Lipödem Informationen

Das Lipödem beschreibt ein Krankheitsbild, welches durch folgende Eigenschaften charakterisiert ist:

Charakteristiken des Lipödems:

Wassereinlagerungen (Ödeme) sind kein zwingender Bestandteil eines Lipödems. Speziell bei stark Übergewichtigen kann es im Tagesverlauf zu Flüssigkeits­einla­gerungen im Beinbereich kommen. Diese sind in der Regel unkritisch, solange sie über Nacht wieder verschwinden. Bei dauerhaft bestehenden Einlagerungen sollte auf ein mögliches Lymphödem geachtet werden, welches dann auch unabhängig vom Lipödem behandlungsbedürftig wäre. Dieses tritt gehäuft speziell bei deutlichem Übergewicht auf.

 

Bei einem Lipödem handelt es sich jedoch nicht um ein reines Übergewicht im Sinne einer Reservefettanlage sondern um eine krankhaft veränderte Gewebestruktur des Fett- und Bindegewebes sowie der Gefäße, welche den teils ausgeprägten Schmerz und die Neigung zu Blutergüssen erklären. Häufig besteht jedoch neben einem Lipödem parallel ein Übergewicht. Dieses sollte unabhängig davon angegangen werden, um zusätzliche Komplikationen zu vermeiden.

 

Stadien des Lipödems:

Das Lipödem wird anhand der Ausprägung in drei Stadien eingeteilt, wobei es sich hierbei um eine reine Formeinteilung handelt und das Ausmaß des Gewebsüber-schusses nicht mit den Beschwerden, speziell den Schmerzen zusammen hängen muss.
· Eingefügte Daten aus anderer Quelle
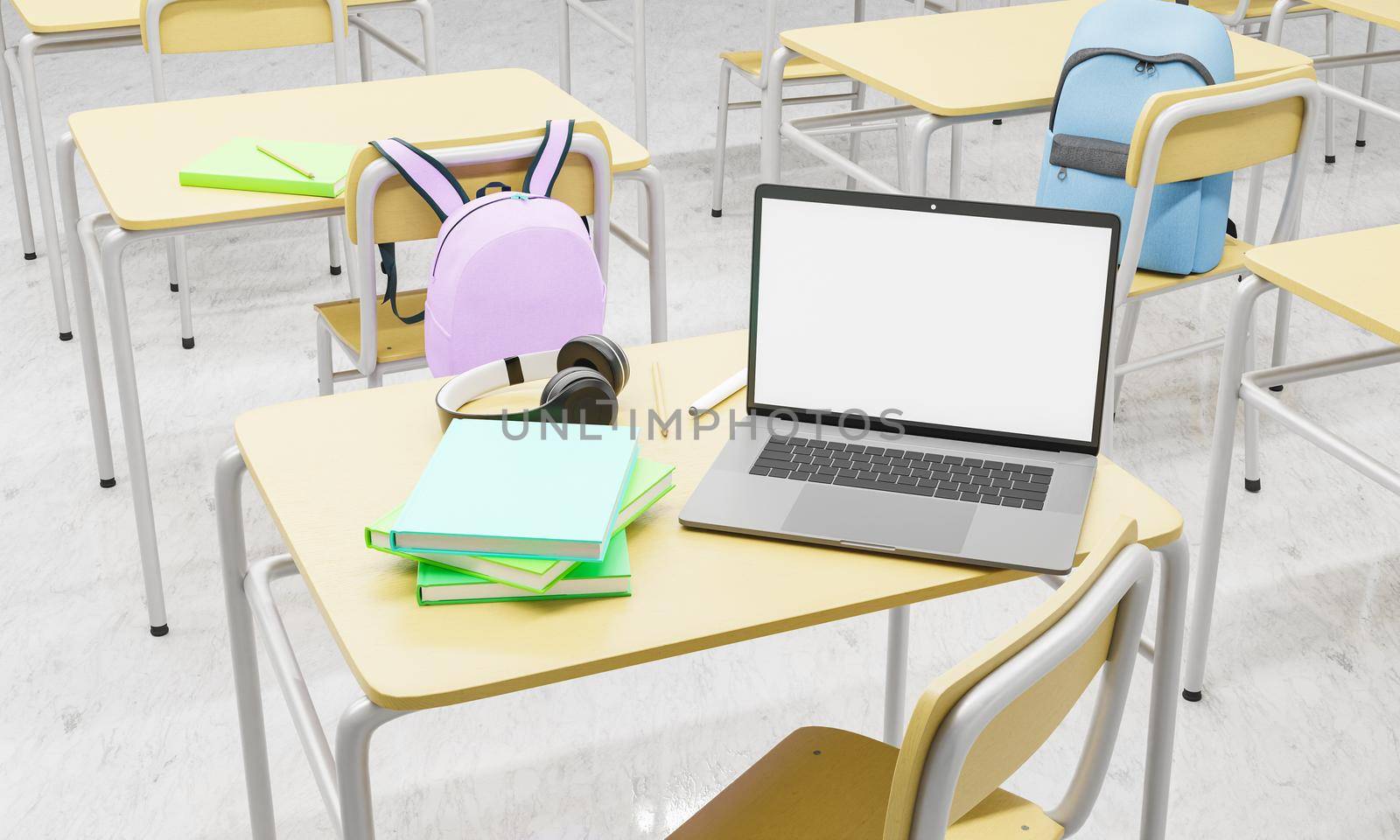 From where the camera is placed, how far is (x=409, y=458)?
138 cm

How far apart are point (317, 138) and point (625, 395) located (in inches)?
42.9

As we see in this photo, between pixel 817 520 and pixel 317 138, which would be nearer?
pixel 817 520

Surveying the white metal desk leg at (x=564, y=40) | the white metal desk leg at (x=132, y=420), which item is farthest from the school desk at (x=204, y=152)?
the white metal desk leg at (x=564, y=40)

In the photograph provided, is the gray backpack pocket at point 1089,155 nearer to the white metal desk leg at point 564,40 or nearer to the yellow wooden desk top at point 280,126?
the yellow wooden desk top at point 280,126

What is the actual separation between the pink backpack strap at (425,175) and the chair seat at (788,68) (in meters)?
1.80

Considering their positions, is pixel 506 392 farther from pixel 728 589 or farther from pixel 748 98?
Answer: pixel 748 98

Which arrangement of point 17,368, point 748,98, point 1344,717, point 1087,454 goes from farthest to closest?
point 748,98, point 17,368, point 1344,717, point 1087,454

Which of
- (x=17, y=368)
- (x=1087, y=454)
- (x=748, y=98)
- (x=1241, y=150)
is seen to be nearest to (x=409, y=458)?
(x=1087, y=454)

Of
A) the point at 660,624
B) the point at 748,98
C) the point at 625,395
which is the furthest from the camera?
the point at 748,98

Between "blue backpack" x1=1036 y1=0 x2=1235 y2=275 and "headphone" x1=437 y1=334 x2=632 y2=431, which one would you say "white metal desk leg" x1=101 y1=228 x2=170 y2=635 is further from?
"blue backpack" x1=1036 y1=0 x2=1235 y2=275

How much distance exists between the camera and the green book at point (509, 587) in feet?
3.81

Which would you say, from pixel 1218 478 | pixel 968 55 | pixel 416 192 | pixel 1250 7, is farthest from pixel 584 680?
pixel 1250 7

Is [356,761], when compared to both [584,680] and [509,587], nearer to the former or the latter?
[509,587]

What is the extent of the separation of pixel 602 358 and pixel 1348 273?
104 cm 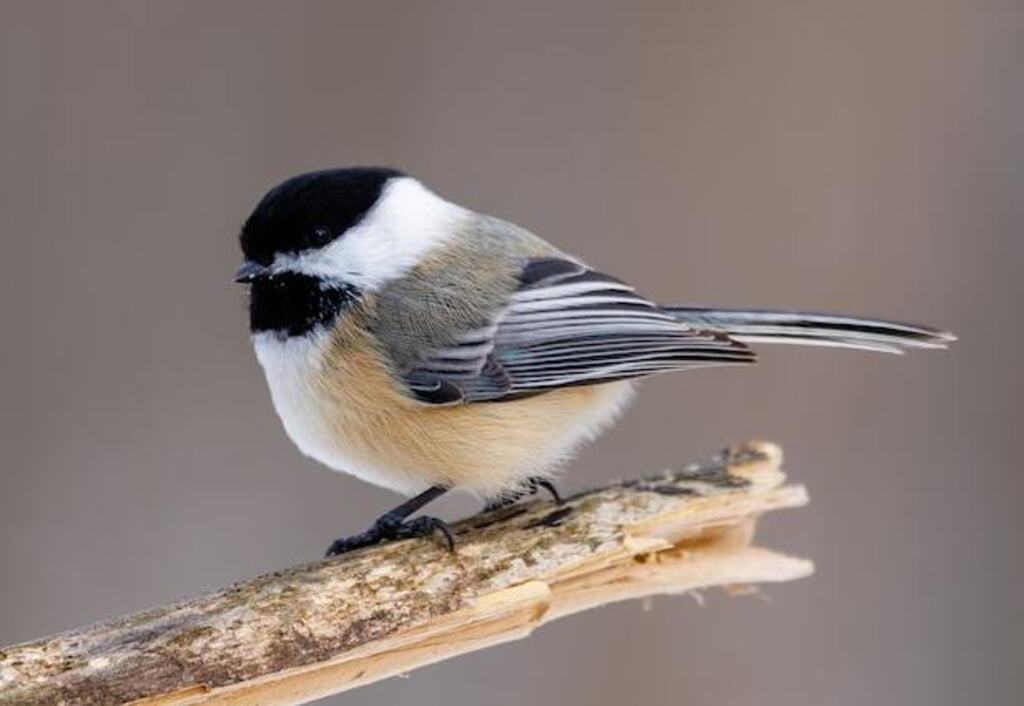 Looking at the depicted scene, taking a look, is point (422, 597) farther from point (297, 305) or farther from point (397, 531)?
point (297, 305)

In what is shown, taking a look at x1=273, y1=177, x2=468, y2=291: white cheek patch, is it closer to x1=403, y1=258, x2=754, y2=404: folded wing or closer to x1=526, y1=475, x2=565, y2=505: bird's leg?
x1=403, y1=258, x2=754, y2=404: folded wing

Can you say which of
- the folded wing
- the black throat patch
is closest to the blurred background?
the folded wing

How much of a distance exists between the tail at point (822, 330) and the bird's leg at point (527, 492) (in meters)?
0.39

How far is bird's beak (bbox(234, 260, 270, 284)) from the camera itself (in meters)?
2.16

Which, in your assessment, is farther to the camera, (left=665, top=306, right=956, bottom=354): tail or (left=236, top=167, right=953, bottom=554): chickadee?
(left=665, top=306, right=956, bottom=354): tail

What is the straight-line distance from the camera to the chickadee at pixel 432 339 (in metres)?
2.20

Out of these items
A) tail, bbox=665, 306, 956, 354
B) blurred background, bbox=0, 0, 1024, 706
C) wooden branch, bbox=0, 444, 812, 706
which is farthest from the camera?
blurred background, bbox=0, 0, 1024, 706

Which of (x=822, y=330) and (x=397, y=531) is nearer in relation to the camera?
(x=397, y=531)

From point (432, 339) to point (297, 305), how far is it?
9.0 inches

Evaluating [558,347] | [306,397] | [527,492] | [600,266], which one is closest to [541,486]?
[527,492]

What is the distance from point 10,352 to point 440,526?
6.24 feet

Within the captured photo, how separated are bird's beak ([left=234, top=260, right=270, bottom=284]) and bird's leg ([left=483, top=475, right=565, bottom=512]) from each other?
572mm

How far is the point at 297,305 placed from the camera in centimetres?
222

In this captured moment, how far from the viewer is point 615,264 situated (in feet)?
12.7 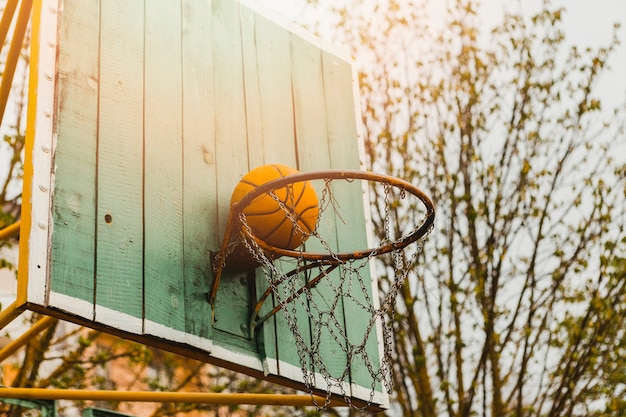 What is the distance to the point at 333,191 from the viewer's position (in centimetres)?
503

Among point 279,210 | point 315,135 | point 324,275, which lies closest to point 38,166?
point 279,210

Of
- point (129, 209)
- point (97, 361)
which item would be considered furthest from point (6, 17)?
point (97, 361)

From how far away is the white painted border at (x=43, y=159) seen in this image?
3207mm

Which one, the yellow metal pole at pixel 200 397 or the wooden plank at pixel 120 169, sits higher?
the wooden plank at pixel 120 169

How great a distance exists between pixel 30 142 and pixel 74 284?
0.56 metres

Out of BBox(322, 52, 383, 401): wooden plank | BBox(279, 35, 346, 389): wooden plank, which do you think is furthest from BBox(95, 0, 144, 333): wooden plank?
BBox(322, 52, 383, 401): wooden plank

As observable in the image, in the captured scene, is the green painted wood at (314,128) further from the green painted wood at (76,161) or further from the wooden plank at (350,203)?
the green painted wood at (76,161)

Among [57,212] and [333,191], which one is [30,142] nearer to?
[57,212]

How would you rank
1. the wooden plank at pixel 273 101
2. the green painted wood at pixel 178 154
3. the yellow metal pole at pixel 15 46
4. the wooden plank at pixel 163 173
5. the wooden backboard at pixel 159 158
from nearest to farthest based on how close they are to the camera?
1. the wooden backboard at pixel 159 158
2. the green painted wood at pixel 178 154
3. the wooden plank at pixel 163 173
4. the yellow metal pole at pixel 15 46
5. the wooden plank at pixel 273 101

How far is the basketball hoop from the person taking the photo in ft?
13.1

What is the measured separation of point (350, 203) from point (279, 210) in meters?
1.14

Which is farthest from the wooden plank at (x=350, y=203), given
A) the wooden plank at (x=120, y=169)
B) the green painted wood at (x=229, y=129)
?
the wooden plank at (x=120, y=169)

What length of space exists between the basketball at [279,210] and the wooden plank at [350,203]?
1.60 ft

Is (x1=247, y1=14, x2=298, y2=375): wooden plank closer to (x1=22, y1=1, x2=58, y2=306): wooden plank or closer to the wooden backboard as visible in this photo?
the wooden backboard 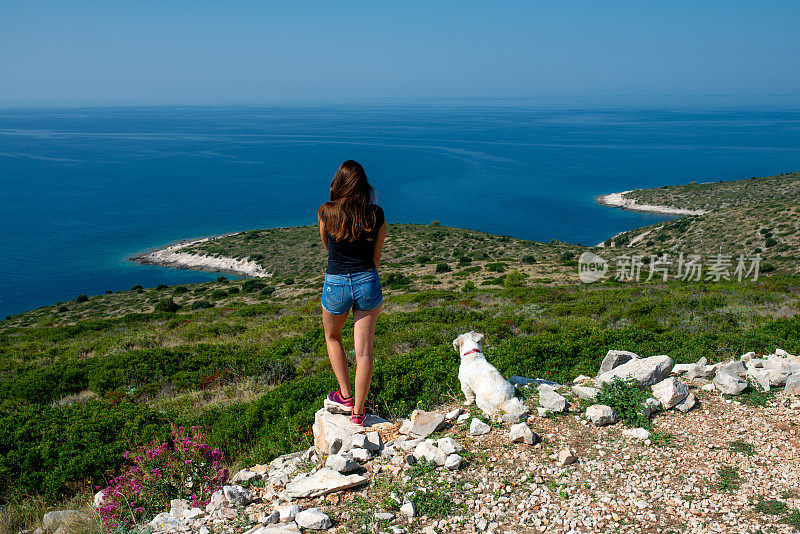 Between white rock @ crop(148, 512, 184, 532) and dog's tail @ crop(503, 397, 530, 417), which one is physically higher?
dog's tail @ crop(503, 397, 530, 417)

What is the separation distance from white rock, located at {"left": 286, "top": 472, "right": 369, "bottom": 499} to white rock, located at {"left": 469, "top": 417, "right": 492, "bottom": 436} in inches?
50.4

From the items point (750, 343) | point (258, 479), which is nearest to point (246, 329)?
point (258, 479)

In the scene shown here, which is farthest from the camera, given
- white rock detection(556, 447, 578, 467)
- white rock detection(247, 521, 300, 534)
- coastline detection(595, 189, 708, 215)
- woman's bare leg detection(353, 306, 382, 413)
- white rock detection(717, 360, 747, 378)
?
coastline detection(595, 189, 708, 215)

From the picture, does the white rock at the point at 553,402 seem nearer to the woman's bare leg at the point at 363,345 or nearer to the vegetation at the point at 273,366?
the vegetation at the point at 273,366

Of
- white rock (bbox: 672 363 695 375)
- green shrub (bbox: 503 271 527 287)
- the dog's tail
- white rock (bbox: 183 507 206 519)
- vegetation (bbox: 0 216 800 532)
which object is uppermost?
the dog's tail

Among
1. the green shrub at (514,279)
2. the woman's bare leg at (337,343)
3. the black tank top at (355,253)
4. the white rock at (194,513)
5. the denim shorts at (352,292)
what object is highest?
the black tank top at (355,253)

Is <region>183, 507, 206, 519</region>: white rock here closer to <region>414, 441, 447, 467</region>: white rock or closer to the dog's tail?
<region>414, 441, 447, 467</region>: white rock

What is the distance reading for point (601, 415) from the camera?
512cm

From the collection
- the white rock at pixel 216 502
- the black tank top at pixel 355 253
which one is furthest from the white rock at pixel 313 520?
the black tank top at pixel 355 253

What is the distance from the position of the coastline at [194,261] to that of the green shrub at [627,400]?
200ft

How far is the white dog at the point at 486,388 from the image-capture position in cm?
534

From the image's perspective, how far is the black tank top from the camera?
15.0 ft

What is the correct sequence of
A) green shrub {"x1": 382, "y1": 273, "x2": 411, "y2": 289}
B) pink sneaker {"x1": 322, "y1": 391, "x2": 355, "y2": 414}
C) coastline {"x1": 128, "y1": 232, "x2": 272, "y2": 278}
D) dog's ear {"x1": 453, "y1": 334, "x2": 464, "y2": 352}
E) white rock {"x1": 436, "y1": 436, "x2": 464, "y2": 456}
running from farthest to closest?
coastline {"x1": 128, "y1": 232, "x2": 272, "y2": 278}, green shrub {"x1": 382, "y1": 273, "x2": 411, "y2": 289}, dog's ear {"x1": 453, "y1": 334, "x2": 464, "y2": 352}, pink sneaker {"x1": 322, "y1": 391, "x2": 355, "y2": 414}, white rock {"x1": 436, "y1": 436, "x2": 464, "y2": 456}

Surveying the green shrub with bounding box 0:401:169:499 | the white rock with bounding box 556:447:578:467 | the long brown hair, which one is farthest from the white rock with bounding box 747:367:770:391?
the green shrub with bounding box 0:401:169:499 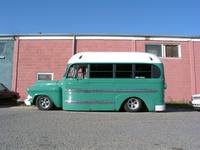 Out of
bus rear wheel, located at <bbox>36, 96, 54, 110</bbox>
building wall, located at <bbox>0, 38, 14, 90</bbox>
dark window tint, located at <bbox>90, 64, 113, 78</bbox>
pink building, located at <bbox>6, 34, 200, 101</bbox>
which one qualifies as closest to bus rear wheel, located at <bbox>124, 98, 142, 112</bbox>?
dark window tint, located at <bbox>90, 64, 113, 78</bbox>

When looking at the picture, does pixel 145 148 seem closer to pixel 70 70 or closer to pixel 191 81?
pixel 70 70

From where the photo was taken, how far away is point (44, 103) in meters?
12.2

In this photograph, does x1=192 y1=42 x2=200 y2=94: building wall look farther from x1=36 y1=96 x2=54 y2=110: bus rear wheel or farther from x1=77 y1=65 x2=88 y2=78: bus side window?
x1=36 y1=96 x2=54 y2=110: bus rear wheel

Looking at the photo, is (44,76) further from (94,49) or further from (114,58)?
(114,58)

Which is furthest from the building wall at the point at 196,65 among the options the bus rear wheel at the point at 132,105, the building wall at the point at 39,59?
the building wall at the point at 39,59

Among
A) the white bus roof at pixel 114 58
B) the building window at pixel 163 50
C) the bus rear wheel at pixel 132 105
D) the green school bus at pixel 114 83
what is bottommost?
the bus rear wheel at pixel 132 105

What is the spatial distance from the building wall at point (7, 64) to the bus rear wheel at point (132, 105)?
385 inches

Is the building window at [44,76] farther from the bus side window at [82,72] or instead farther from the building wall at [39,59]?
the bus side window at [82,72]

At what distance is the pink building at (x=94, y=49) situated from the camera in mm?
17938

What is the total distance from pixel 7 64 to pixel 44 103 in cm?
733

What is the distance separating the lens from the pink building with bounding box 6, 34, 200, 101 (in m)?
17.9

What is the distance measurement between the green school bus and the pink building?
6446 millimetres

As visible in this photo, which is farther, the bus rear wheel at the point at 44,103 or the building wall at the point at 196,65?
the building wall at the point at 196,65

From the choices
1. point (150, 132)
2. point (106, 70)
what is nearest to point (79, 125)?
point (150, 132) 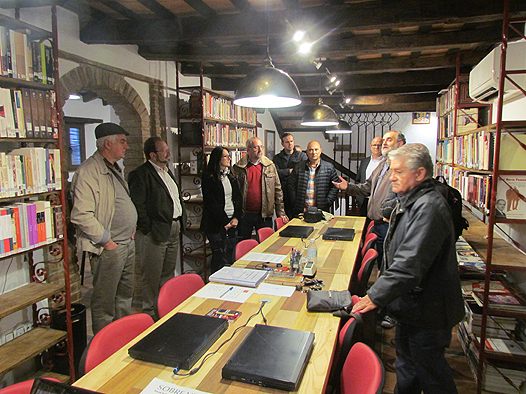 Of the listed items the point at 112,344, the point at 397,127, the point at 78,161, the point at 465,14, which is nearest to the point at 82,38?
the point at 112,344

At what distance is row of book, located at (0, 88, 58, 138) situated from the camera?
7.26ft

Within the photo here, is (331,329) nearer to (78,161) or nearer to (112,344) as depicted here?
(112,344)

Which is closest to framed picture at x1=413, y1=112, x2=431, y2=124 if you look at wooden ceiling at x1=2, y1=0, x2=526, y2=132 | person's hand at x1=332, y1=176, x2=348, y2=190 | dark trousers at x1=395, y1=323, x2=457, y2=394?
wooden ceiling at x1=2, y1=0, x2=526, y2=132

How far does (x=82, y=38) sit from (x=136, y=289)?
2.53 m

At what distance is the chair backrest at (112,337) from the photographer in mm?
1562

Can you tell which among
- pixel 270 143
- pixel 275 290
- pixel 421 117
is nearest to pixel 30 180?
pixel 275 290

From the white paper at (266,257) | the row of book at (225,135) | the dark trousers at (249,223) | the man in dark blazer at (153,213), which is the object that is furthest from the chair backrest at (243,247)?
the row of book at (225,135)

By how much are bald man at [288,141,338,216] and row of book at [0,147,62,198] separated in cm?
289

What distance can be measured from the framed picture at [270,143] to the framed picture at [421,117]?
10.8ft

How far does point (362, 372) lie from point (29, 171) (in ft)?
7.45

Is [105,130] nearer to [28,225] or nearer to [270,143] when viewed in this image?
[28,225]

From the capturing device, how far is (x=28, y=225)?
238cm

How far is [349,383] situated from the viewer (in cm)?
145

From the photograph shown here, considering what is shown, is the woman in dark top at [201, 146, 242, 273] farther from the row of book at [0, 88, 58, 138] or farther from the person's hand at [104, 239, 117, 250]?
the row of book at [0, 88, 58, 138] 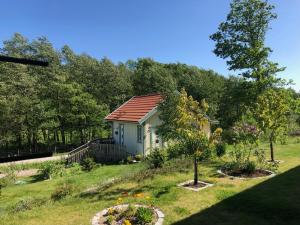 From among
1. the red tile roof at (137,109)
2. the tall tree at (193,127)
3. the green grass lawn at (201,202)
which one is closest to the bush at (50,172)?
the green grass lawn at (201,202)

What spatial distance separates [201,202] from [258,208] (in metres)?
1.89

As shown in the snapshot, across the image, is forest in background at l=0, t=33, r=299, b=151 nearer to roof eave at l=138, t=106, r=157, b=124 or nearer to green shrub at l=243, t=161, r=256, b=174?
roof eave at l=138, t=106, r=157, b=124

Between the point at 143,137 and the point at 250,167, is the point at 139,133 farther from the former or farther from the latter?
the point at 250,167

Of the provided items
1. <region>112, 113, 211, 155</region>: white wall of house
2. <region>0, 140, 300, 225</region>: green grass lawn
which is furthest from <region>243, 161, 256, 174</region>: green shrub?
<region>112, 113, 211, 155</region>: white wall of house

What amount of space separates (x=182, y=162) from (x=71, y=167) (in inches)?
389

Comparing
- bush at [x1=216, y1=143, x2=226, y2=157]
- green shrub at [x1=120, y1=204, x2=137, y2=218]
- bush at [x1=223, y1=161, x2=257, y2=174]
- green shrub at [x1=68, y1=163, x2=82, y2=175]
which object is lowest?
green shrub at [x1=68, y1=163, x2=82, y2=175]

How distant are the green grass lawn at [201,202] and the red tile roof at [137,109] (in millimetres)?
11255

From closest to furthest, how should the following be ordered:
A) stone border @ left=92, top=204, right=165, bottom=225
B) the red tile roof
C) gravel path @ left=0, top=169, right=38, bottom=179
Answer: stone border @ left=92, top=204, right=165, bottom=225 → gravel path @ left=0, top=169, right=38, bottom=179 → the red tile roof

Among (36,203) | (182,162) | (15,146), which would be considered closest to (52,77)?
(15,146)

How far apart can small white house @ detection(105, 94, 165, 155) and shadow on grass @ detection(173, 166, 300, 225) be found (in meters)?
12.6

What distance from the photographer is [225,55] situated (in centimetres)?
2514

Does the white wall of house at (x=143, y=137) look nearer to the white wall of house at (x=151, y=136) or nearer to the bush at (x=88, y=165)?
the white wall of house at (x=151, y=136)

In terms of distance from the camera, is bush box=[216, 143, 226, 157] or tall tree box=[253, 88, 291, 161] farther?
bush box=[216, 143, 226, 157]

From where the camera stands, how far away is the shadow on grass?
8477mm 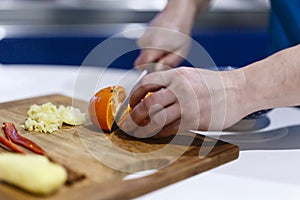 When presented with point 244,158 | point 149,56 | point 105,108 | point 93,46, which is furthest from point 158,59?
point 93,46

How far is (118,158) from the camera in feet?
2.97

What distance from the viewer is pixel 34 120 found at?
1.09 metres

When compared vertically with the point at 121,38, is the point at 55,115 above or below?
below

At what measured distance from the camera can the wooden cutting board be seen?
2.48 ft

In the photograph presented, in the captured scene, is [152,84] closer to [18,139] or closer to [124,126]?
[124,126]

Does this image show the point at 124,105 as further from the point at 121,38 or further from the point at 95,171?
the point at 121,38

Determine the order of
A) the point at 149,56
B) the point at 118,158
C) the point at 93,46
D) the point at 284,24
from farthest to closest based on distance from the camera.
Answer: the point at 93,46
the point at 284,24
the point at 149,56
the point at 118,158

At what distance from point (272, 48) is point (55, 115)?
871mm

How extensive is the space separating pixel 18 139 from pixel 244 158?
1.53ft

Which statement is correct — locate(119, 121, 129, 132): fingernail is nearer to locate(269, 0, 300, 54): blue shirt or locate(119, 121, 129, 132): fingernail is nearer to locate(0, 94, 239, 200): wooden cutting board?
locate(0, 94, 239, 200): wooden cutting board

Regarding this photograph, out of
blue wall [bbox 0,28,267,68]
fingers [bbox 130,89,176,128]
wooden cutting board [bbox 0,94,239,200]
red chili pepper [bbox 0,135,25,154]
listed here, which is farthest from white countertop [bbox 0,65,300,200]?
blue wall [bbox 0,28,267,68]

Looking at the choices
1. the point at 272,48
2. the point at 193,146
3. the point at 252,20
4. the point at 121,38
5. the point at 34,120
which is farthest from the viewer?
the point at 252,20

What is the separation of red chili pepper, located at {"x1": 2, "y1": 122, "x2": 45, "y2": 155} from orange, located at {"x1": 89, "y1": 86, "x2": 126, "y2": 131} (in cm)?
17

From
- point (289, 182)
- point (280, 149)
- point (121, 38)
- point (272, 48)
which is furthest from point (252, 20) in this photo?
point (289, 182) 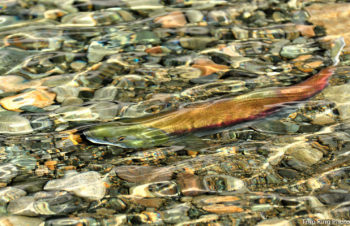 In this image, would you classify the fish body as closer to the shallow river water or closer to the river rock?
the shallow river water

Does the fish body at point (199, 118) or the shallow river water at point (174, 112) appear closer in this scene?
the shallow river water at point (174, 112)

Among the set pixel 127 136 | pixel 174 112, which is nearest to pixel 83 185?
pixel 127 136

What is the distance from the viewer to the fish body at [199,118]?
3.08 m

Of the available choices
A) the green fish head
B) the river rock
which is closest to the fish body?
the green fish head

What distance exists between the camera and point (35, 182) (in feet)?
8.84

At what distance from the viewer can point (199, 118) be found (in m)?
3.25

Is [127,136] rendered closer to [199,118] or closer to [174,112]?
[174,112]

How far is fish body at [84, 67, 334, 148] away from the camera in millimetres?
3076

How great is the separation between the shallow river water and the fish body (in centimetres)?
1

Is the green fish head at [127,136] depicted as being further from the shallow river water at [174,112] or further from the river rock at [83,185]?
the river rock at [83,185]

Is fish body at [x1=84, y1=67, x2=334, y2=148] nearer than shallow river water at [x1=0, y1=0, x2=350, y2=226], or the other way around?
shallow river water at [x1=0, y1=0, x2=350, y2=226]

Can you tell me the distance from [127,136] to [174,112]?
480 mm

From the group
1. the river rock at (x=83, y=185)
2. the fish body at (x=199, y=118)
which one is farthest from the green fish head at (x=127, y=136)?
the river rock at (x=83, y=185)

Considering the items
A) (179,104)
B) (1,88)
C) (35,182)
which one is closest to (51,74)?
(1,88) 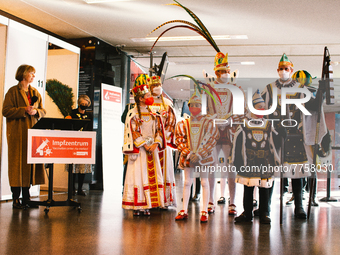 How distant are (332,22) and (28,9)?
5.39 meters

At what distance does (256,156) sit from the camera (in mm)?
3902

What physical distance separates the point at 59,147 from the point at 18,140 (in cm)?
73

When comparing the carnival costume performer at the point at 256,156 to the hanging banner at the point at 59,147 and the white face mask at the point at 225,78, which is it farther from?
the hanging banner at the point at 59,147

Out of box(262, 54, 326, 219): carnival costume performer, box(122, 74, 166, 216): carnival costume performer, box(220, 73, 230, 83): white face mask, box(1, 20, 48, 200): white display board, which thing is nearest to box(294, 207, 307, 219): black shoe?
box(262, 54, 326, 219): carnival costume performer

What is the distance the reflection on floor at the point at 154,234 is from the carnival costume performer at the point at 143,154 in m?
0.20

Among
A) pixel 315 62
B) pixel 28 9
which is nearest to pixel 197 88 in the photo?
pixel 28 9

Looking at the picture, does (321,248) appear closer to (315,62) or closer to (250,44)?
(250,44)

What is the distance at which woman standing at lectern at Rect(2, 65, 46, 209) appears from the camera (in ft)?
15.5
  1. Stadium 1: glatte, weiche Hautoberfläche
  2. Stadium 2: unebene Haut mit Knotenbildung
  3. Stadium 3: überhängende Hautlappen und Fettwülste, welche teilweise Bewegungseinschränkungen bewirken können, Hautverdickung und -Verhärtung

 

Behandlung:

Bei einem Lipödem stellt meist der Schmerz das Hauptproblem dar. Die gute Nachricht ist: Dieser lässt sich durch eine maß­gefertigte flachgestrickte Kom­pressions­versorgung deutlich lindern.

Kompressionsversorgung:

Das Vermessen und Anpassen der Kom­pressionsstrümpfe erfolgt über Sanitäts­häuser mit speziell geschultem Personal. Die sonst für Venenleiden verwendeten elastischen, rundgestrickten Kompressions­strümpfe sind für die Behandlung eines Lipödems üblicher­weise nicht ausreichend.

Da eine Maßanfertigung dieser speziellen Kompressionsstümpfe relativ aufwendig ist wird normalerweise vom Sanitätshaus eine Zusage der Kostenübernahme der Kranken­kasse abgewartet. (Die Verordnung belastet nicht das Arzt­budget)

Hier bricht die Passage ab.